About one third of Steel and Tube's business serves the agriculture sector, one third serves manufacturing and a third is involved serving the construction sector. Mercer said agriculture was looking quite positive, thanks to the high dairy payout and favourable commodity prices.
Manufacturing was also looking healthy because of the favourable NZ/Australian dollar cross rate.
But Mercer said he did not expect construction activity to suddenly take off.
"It is going to take time to get major projects under way," he said.
"Christchurch is more of a 2012 story rather than a 2011 story," he said.
Weak steel prices saw Steel and Tube's net profit slump by 78 per cent in the year to June 30, 2010.
Late in 2008, Steel and Tube's biggest shareholder, Australia's OneSteel, made a conditional takeover bid at $4 per share, only to withdraw it shortly afterwards because of market volatility, which later proved to be the early stages of the global financial crisis.
GOLDMAN INTEGRATES
New York-based Goldman Sachs Group has moved to fully absorb its partly owned Australian and New Zealand offshoots. The international investment group said yesterday that it had started a formal process to acquire the remaining 55 per cent of Goldman Sachs & Partners Australia Group Holdings (GS&P).
Goldman Sachs currently owns 45 per cent of GS&P.
The remaining 55 per cent is owned by current and former GS&P management and employee shareholders.
The proposed acquisition ultimately requires a 75 per cent minimum acceptance by shareholders and will also be subject to relevant regulatory approvals.
The investment will facilitate the full integration into Goldman Sachs of the Australian and New Zealand businesses which have operated as a joint venture since 2003.
"Australia and New Zealand represent an important part of our growth strategy," said Lloyd Blankfein, chairman and CEO of Goldman Sachs.
"This investment underscores our desire to continue to strengthen our Australasian client franchise."
MERGER KIBOSH
As telegraphed by Stock Takes on March 25, Australian treasurer Wayne Swan has put the kibosh on a proposed A$8.2 billion merger between Australian stock exchange operator ASX and the Singapore Stock Exchange (SGX), on national interest grounds.
Unbowed, the ASX board said it still believed in the need for ASX participation in regional and global exchange consolidation and would continue to evaluate strategic growth opportunities with the SGX.
HELLABY RIDES AGAIN
Hellaby Holdings went through a shaky phase, thanks largely to its $25.6 million purchase of the BBQ Factory in 2004, but the market has since re-rated the stock now that the memory of that ill-fated venture has dimmed.
In some ways, Hellaby looks to be something of a relic of a bygone era.
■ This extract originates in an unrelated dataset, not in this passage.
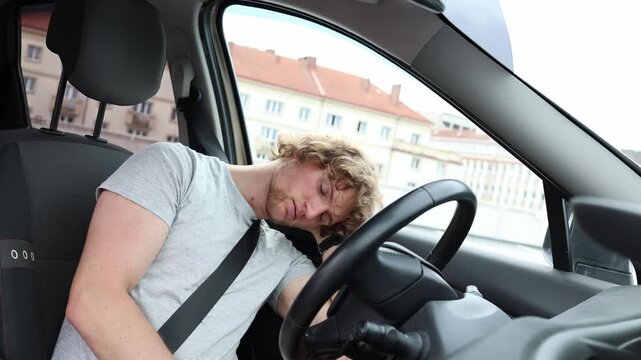 Exhausted young man sleeps in his parked car after a demanding workday unable to continue driving home as fatigue takes over while he rests securely with his seat belt on

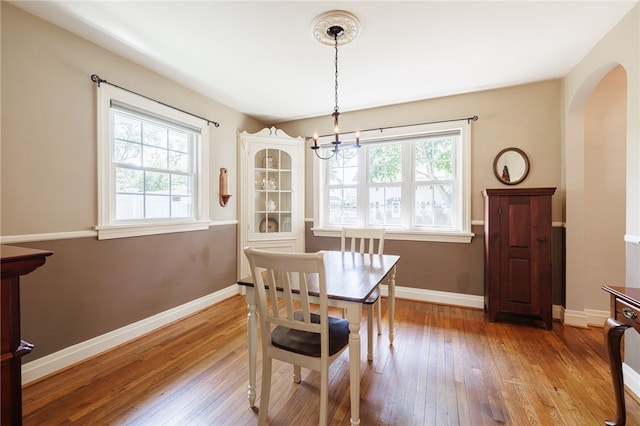36 Dover Park, Brighton, NY 14610 - dining room featuring arched walkways, light wood-type flooring, and a chandelier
Its conglomerate structure has businesses ranging from shoe retailing to brake parts, which is not often seen these days, but the market credits chief executive John Williamson as having put the company back on a sounder footing.
Hellaby shares last traded at $2.45, having gained about a dollar over the past year.
Quizzed by the NZX about stock movements in March, Hellaby said it was not aware of any material information that might have contributed to the surge.
Hellaby had a reasonable track record for buying companies until it acquired the BBQ Factory in 2004, which went on to lose about $2 million a year before it was sold in 2008.
The company says it is now in good shape and ready to develop a platform for long-term value creation.
POWER LUNCH
The $19 billion New Zealand Superannuation Fund performed strongly in February, gaining 3 per cent over the month and taking financial year-to-date return to 22.5 per cent.
Stock Takes can report that the fund's chief executive, Adrian Orr, this week took time out to reward himself for the performance with a bang up lunch - at McDonald's.